European regulations need to adapt
Henke of GBE Prime, which offers institutional liquidity to brokers, banks, funds and asset managers, argues that Europe needs restrictions that are more flexible and can adjust to different ratios of possible leverage worldwide.
“Especially in Europe, the landscape for brokers has changed in such a way that private customers can no longer be offered a certain flexibility for higher leverage and are therefore looking for brokers on non-European continents.
Whilst Henke believes that EU regulator ESMA has brought some sensible changes, such as regulation regarding best execution, but the basic idea of reducing leverage has, overall not been good for clients.
“Because it pushed them into the offshore business. So, since 2018, customer protection for Europeans has deteriorated because customers turn to brokers in other countries in their search for higher leverage and operate there without such protection. This means that there is also a significant loss of customers in the direction of Asia, Africa, Australia, etc… I would like to emphasize that GBE brokers does not have offshore structures, as we are focused on German speaking retail clients and institutional clients in general.”
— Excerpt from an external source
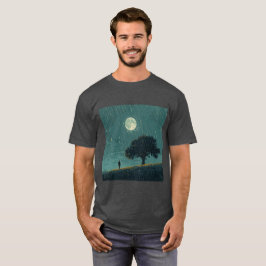 Camiseta Solidão Chuvosa – Ilustração de Pessoa e Árvore So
GBE Prime: ESMA has weakened Europe
During his interview with Finance Magnates, Henke went as far as to say that the product intervention measures implemented by ESMA have weakened Europe’s status as a location for business.
“The last regulations have weakened the business location Europe. The alternative to this would be equal rights between all countries worldwide. Either in such a way that all higher levers are reduced or those in Europe are increased again. The main thing is that a balanced market situation prevails and nobody is further disadvantaged,” Henke elaborated.
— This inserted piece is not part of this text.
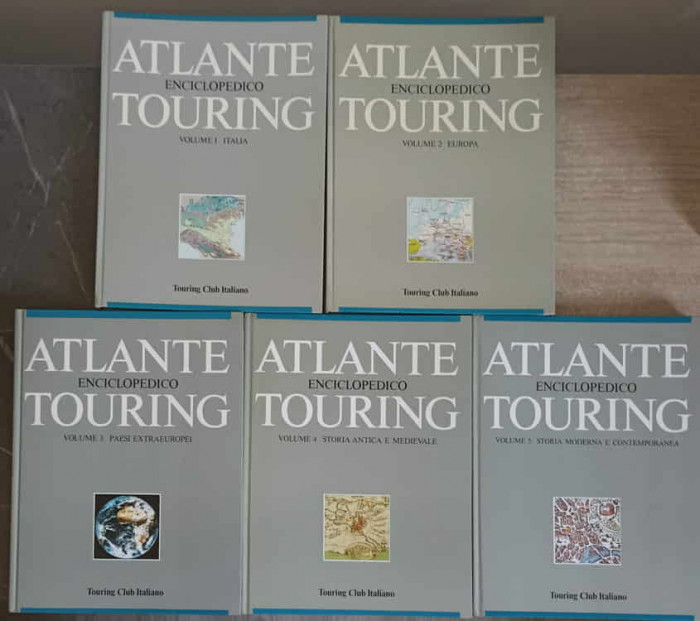 ATLANTE ENCICLOPEDICO TOURING VOL.1-5 ITALIA, EUROPA, PAESI EXTRAEUROPEI, STORIA ANTICA E MEDIEVALE, STORIA MOD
“I simply hope that the regulations will focus on customer needs in the future. This naturally includes, in addition to security for the capital and excellent execution times, better information about customer risks and obviously higher leverage, because that is what the customer desires.”
The downside of COVID-19
As Finance Magnates has reported extensively, overall, brokers within the forex and CFD industry have benefitted from the coronavirus pandemic, with heightened volatility resulting in increased trading activity.
This, in turn, has lead to stronger volumes and revenues for brokers. However, according to Henke, the pandemic has not been without its downsides.
“Economically, I personally do not know any broker who made a bad deal during the pandemic or who would complain about a significant increase of the trading volume in the industry nor a high volatility,” Henke continued.
“Of course there are also some negative effects, for example the now missing personal customer contact, which is currently only possible via online platforms, telephone or email. Furthermore, the active customer acquisition through exhibitions, which exist online but works much better face to face.”